▶ [Your assignment]:
Please repeat exactly the lines from the one containing "COOLER CAP trademark" through the last line of the records below, both included, and leave out any pictures.

[Image-text web data]

_ _ _

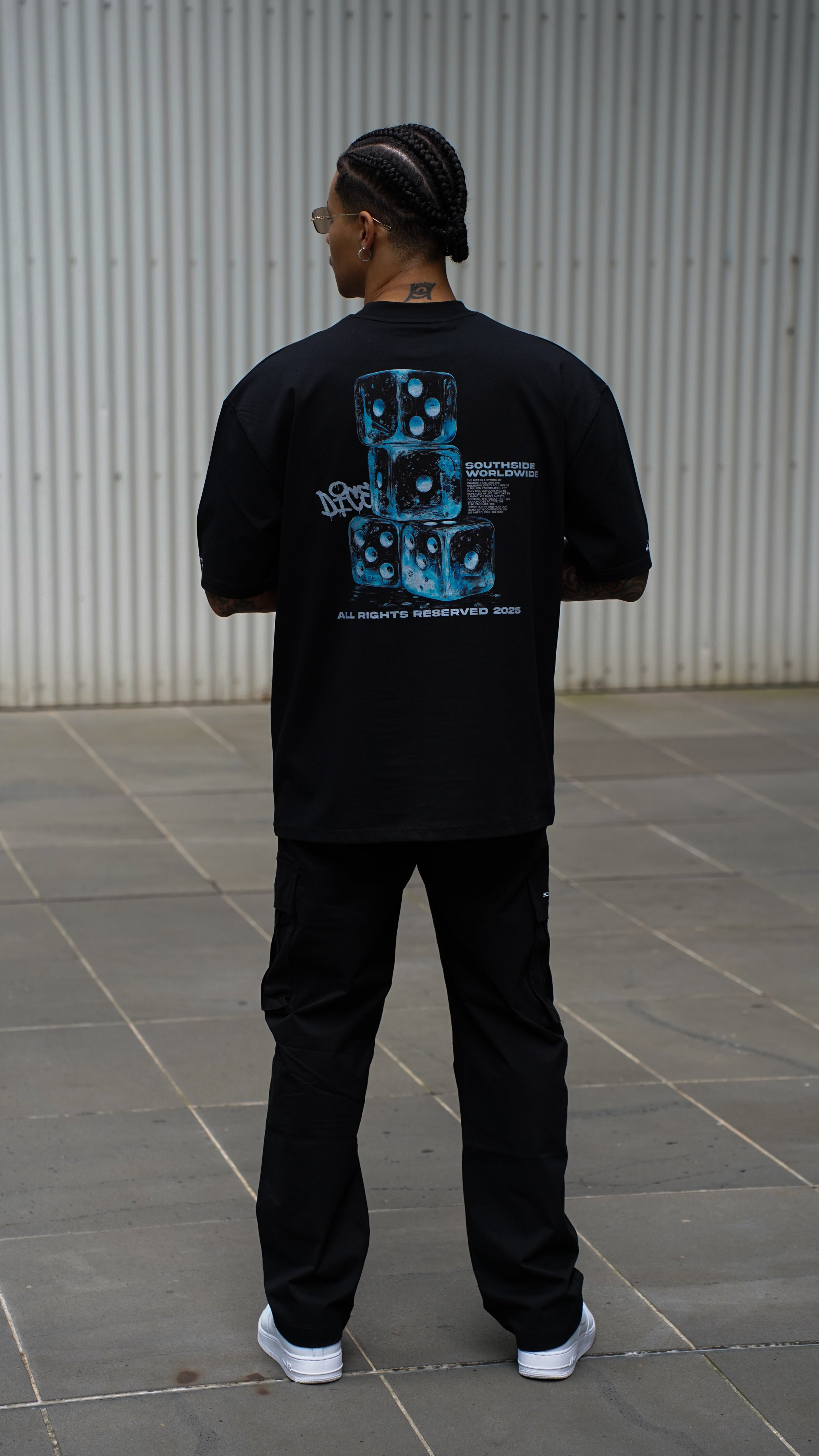 T-shirts – Southside Streetwear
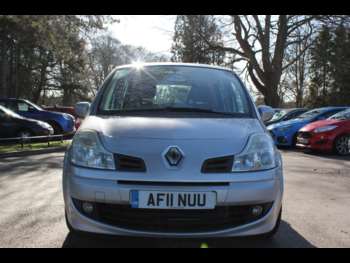 Used Renault Modus 2011 for sale - 73342302: Photo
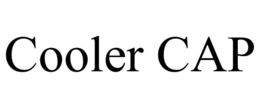 COOLER CAP trademark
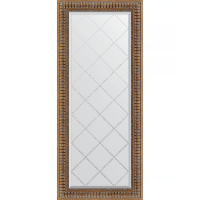 Зеркало Evoform Exclusive-G 157х67 BY 4154 с гравировкой в багетной раме - Бронзовый акведук 93, купить, цена, заказать, магазин, доставка, скидка, промокод, купить, цена, заказать, магазин, доставка, скидка, промокод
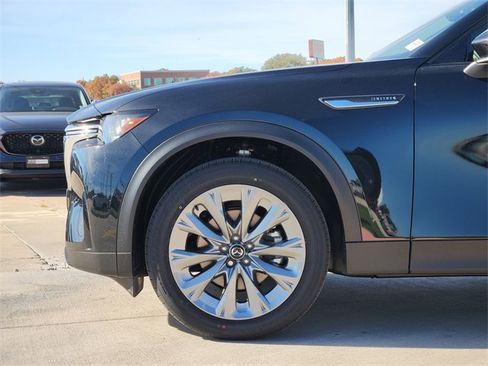 New 2026 MAZDA CX-90 3.3 Turbo w/ Preferred Package image 6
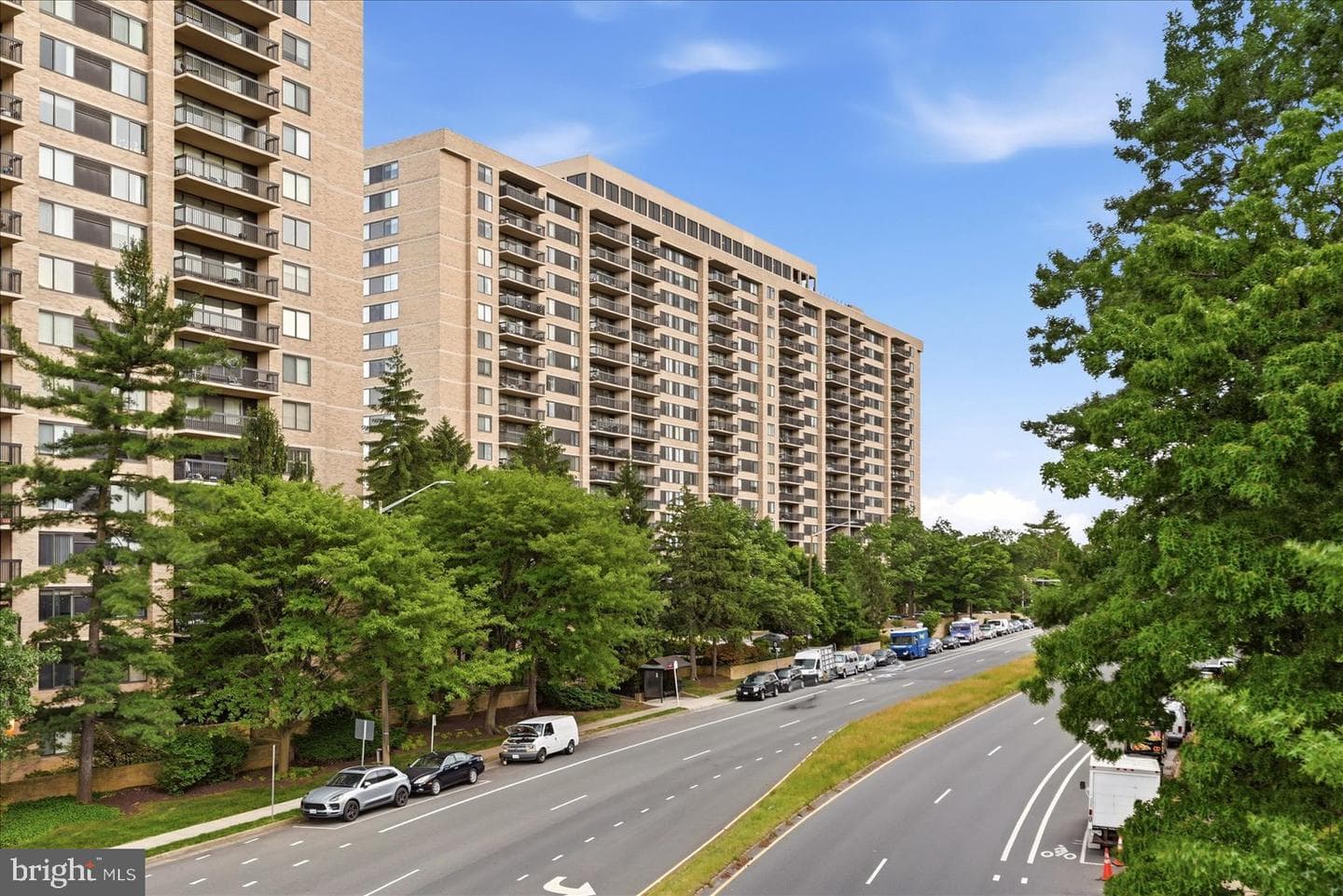 3709 S George Mason Drive #707 photo 33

_ _ _

▶ [Written response]:
 COOLER CAP trademark
 Зеркало Evoform Exclusive-G 157х67 BY 4154 с гравировкой в багетной раме - Бронзовый акведук 93, купить, цена, заказать, магазин, доставка, скидка, промокод, купить, цена, заказать, магазин, доставка, скидка, промокод
 New 2026 MAZDA CX-90 3.3 Turbo w/ Preferred Package image 6
 3709 S George Mason Drive #707 photo 33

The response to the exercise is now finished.